This presentation focuses on the use of deep convolutional neural networks in generating imagery.
Vera Molnár, born in 1924 and who passed away last month at age 99, was a Hungarian-French artist who was one of the first ten people to make art with a computer. In 1968, she started working with a computer at the experimental psychology lab in Sorbonne, where she created her first plotter drawings. She began by programming the computer to make abstract shapes, using the same types of geometric rules that she had previously explored with paint on canvas.
She wrote: “Thanks to its many possibilities of combination the computer helps to systematically research the visual realm, helps the painter to free herself from cultural ′readymades′ and find combinations in forms never seen before, neither in nature nor at a museum: It helps to create inconceivable images. The computer helps, but it does not ′do′, does not ′design′ or ′invent′ anything. To avoid another misunderstanding I wish to underline something else: The fact that something is new and has not been seen before is no guarantee in any manner for its aesthetic quality.”

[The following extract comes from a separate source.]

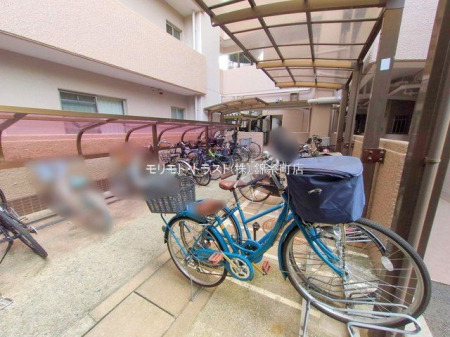 ���n�O�ώʐ^ �B�e��(2025-05-21 00:00:00)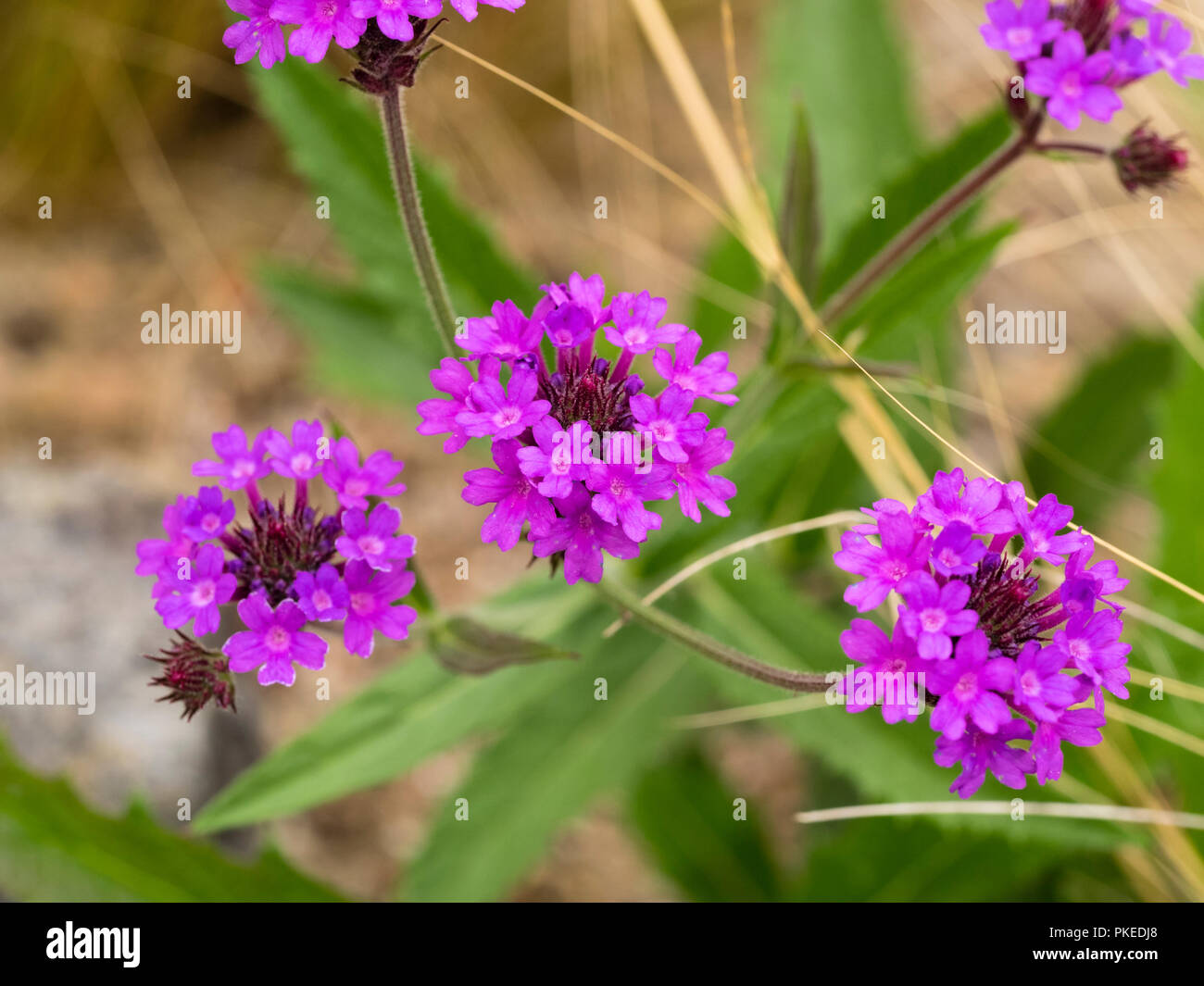 Rosa fiori viola della metà ardito perenne lettiera vegetale, Verbena rigida Foto Stock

(Watch from 15:10-21:00) In the above video, recorded in 2017 when she was 94, Molnár describes her interest in using the computer to create designs that could “surprise” her.
Consider this generative 1974 plotter artwork by Molnár, below. How did she create this artwork? We might suppose there was something like an iterative repetition to create the main grid; another iterative loop to create the interior squares for each unit in the grid; and some randomness that determined whether or not to draw these interior squares, and if so, some additional randomness to govern the extent to which the positions of their vertices would be randomized. We suppose that she specified some variables that controlled the amount of randomness, the dimensions of the grid, the various probabilities of a square being omitted, etc.
Molnar’s process is a great illustration of how generative computer artworks were created during their first half-century. The artist writes a program that renders a form. This form is mathematically governed, or parameterized, by variables — specified by the artist. Change the values of these variables, and the form changes. She might link these variables to randomness, as Molnar does, or perhaps to gestural inputs, or perhaps link them to a stream of data, so that the form visualizes that data. She has created an artwork (software) that makes artworks (prints). If she wants “More like this, please”, she just runs the software again.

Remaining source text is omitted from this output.